__What you should do__. Exact copies of all entries are needed. Pictures are to be left out.

= = = = = = =

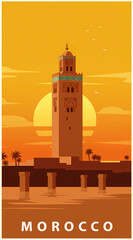 Golden Minaret of Marrakech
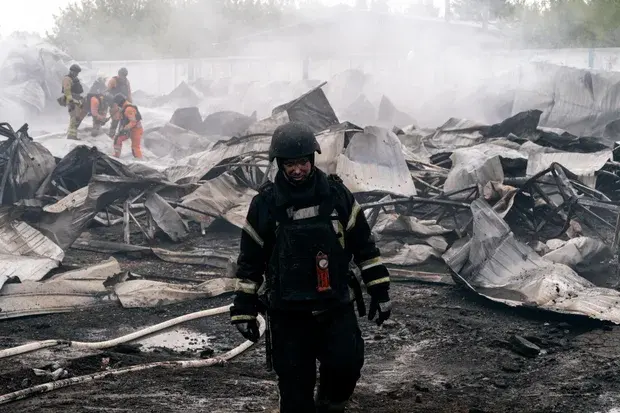 Russian Drones Hit Civilian Enterprises Near Sumy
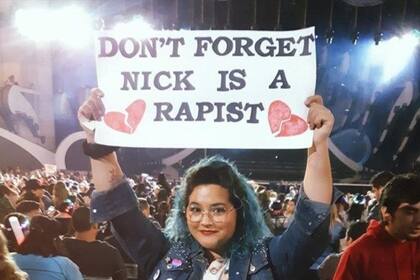 La espectadora se refirió a la denuncia de Melissa Schuman contra el Backstreet Boy.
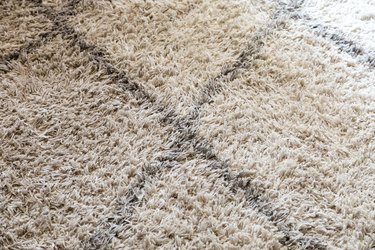 close up of carpet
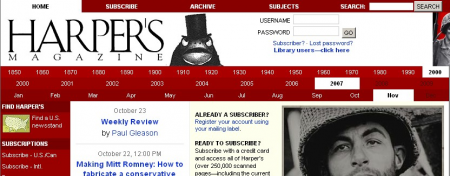 harpers-magazine-archive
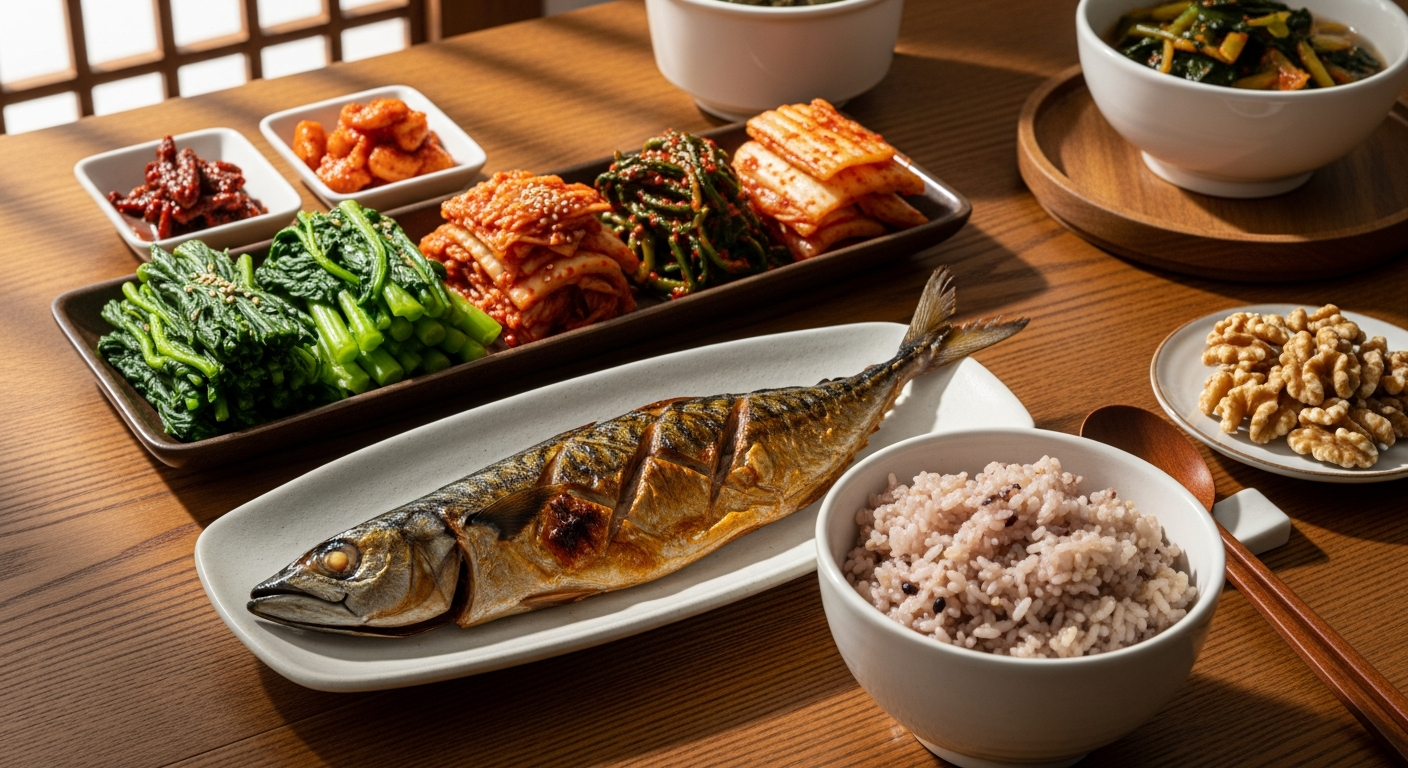 🥗 우리 식탁부터 바꿔볼까요? 건강한 먹거리가 보약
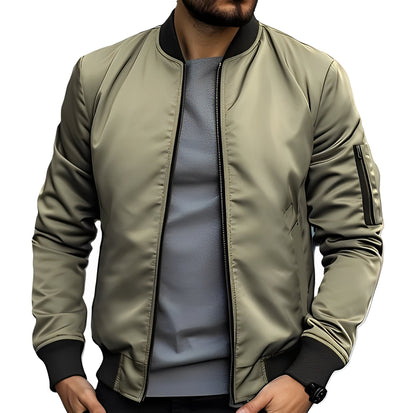 Garret - Stylová, úzce střižená bomber bunda pro muže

= = = = = = =

__Your solution__.
 Golden Minaret of Marrakech
 Russian Drones Hit Civilian Enterprises Near Sumy
 La espectadora se refirió a la denuncia de Melissa Schuman contra el Backstreet Boy.
 close up of carpet
 harpers-magazine-archive
 🥗 우리 식탁부터 바꿔볼까요? 건강한 먹거리가 보약
 Garret - Stylová, úzce střižená bomber bunda pro muže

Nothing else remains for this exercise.